Jagódka
Inhalator dziecięcy i zabawki
Początkowo nic nie wskazywało na problemy, z którymi przyszło zmierzyć się Jagódce. Tuż po narodzinach dziewczynka otrzymała bowiem 10 punktów w skali Apgar, a stan jej zdrowia, przez pewien czas, nie budził nawet najmniejszych wątpliwości. Niestety wszystko zmieniło się ok. drugiego miesiąca życia, kiedy to ciało naszej Podopiecznej widocznie się skrzywiło, a jej plecki kształtem zaczęły przypominać księżyc…
Dzięki niezwłocznej reakcji rodziców Jagódka bardzo szybko trafiła do ortopedy, który, już po wykonaniu niezbędnych badań, stwierdził u niej obniżone napięcie mięśniowe oraz wrodzoną skoliozę o kącie ok. 30 stopni. Diagnoza stała się dla dziewczynki początkiem ciężkiej pracy pod okiem rehabilitantów oraz regularnego gipsowania pleców, klatki piersiowej i brzuszka, ale nawet to nie uchroni jej przed operacją. Dziś kręgosłup naszej Podopiecznej skrzywiony jest już bowiem w literkę ,,S’’, a kąt skoliozy określany jest na ok. 50 stopni… Niestety, w związku z ponad półrocznym gipsowaniem, mięśnie Jagody coraz bardziej słabną, utrzymywanie jej higieny jest znacznie utrudnione, a ściągnięcie usztywnienia będzie wiązało się z jeszcze intensywniejszą rehabilitacją i koniecznością korzystania z gorsetu.

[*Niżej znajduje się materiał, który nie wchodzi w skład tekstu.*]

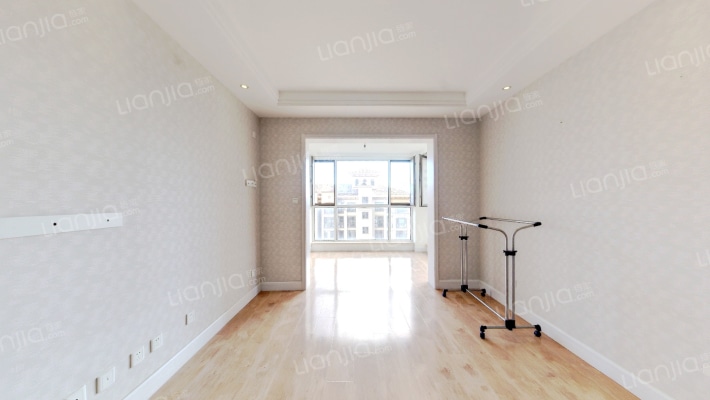 小平岛亲海园A2组团二手房实景图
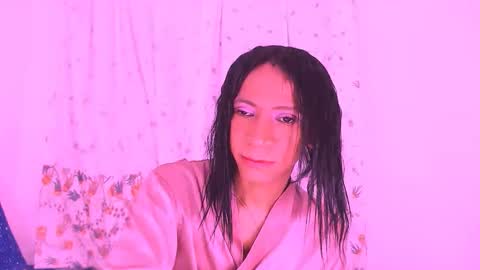 Snapshot of vannesascott chatting on 12/05/25, 05:49 VANNESA online show from 12/05/25, 05:49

Na przestrzeni czasu lista problemów zdrowotnych Jagódki tylko się jednak wydłużała. Przeprowadzone badania genetyczne wykazały bowiem, że dziewczynka mierzy się z zaburzeniami metabolicznymi, a także wykryto u niej chorobę genetyczną. Jakby tego było mało nasza Podopieczna od wielu miesięcy mierzy się z alergiami, a w 2025 roku zdiagnozowano u niej astmę odpowiedzialną za znaczne osłabienie odporności i regularne łapanie infekcji. W konsekwencji Jagoda zaczęła przyjmować leki oraz regularnie korzysta z komory inhalacyjnej czy elektrostymulatora, który wspomaga ją w walce o sprawność. Nad zdrowiem dziewczynki czuwa ortopeda, neurolog, kardiolog, genetyk, okulista, alergolog i lekarz rehabilitacji.

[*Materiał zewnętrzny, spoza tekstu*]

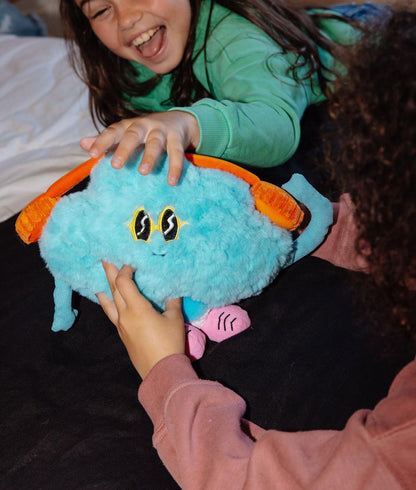 Due bambine che giocano con il peluche a forma di nuvola Rock N Cloud su un letto - foto lifestyle - Hello Hossy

Pomimo tych wszystkich trudności nasza mała Wojowniczka jest pogodnym i ciekawym świata dzieckiem. Na ten moment największym marzeniem Jagódki jest kreatywny zestaw do tworzenia z ciastoliny oraz interaktywna lalka bobas, która z pewnością dotrzymałaby jej towarzystwa podczas licznych pobytów w lekarskich gabinetach. Dziewczynka bardzo potrzebuje też nowego inhalatora dziecięcego w kształcie różowego kotka. To dzięki niemu częste inhalacje staną się dla naszej Podopiecznej, przynajmniej trochę, przyjemniejsze i bardziej komfortowe.